The accounts are supplemented by what we are told by the London antiquary and chronicler John Stow. Stow witnessed the generosity expected of a great man at a time when the social services were still, to use one of Hutchinson’s favourite words, privatised. There were twice daily distributions of meat and drink to two hundred poor people from the gates of Cromwell’s London residence. But when all was said and done, Stow agrees with Hutchinson that Cromwell (like all Tudor politicians?) was most generous to number one. His town house was separated by a garden fence from the Stow family property, and the antiquary remembered Cromwell helping himself, with no warning, to 22 feet from his father’s garden, demolishing the fence and arbitrarily moving out of the way ‘upon rollers’ an inconvenient little house.

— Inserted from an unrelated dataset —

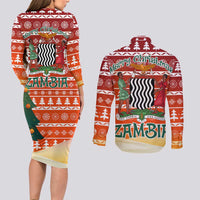 Zambia Christmas Couples Matching Long Sleeve Bodycon Dress and Long Sleeve Button Shirt with African Animals Tree Snowflakes and National Emblem Design - Wonder Print Shop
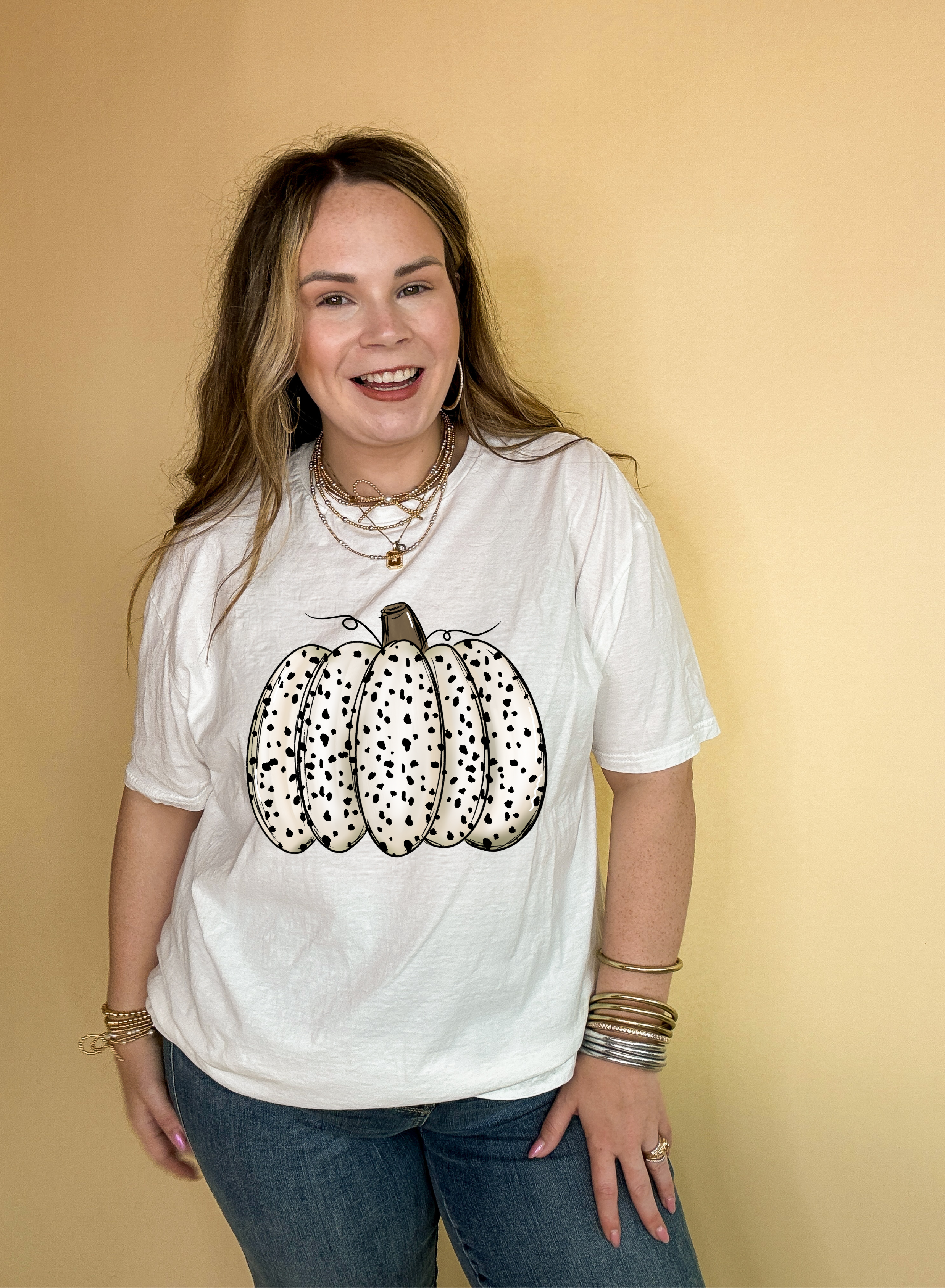 Online Exclusive | Spotted Harvest Pumpkin Graphic Tee in Multiple Color Options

This led Stow to pronounce the most appropriate epitaph for a man who began life as the son of a drunken Putney blacksmith and ended it as earl of Essex, on a scaffold: ‘This much of my own knowledge have I thought good to note, that the sudden rising of some men causes them to forget themselves.’ Hutchinson is always eager to find parallels between the world of Thomas Cromwell and the modern dysfunctional political scene. The ‘Stalinist’ label will not stick. But Stow’s verdict fits the purpose very well. Better known is Henry’s own summing up, as reported by the French ambassador. He had put to death ‘the most faithful servant he ever had’.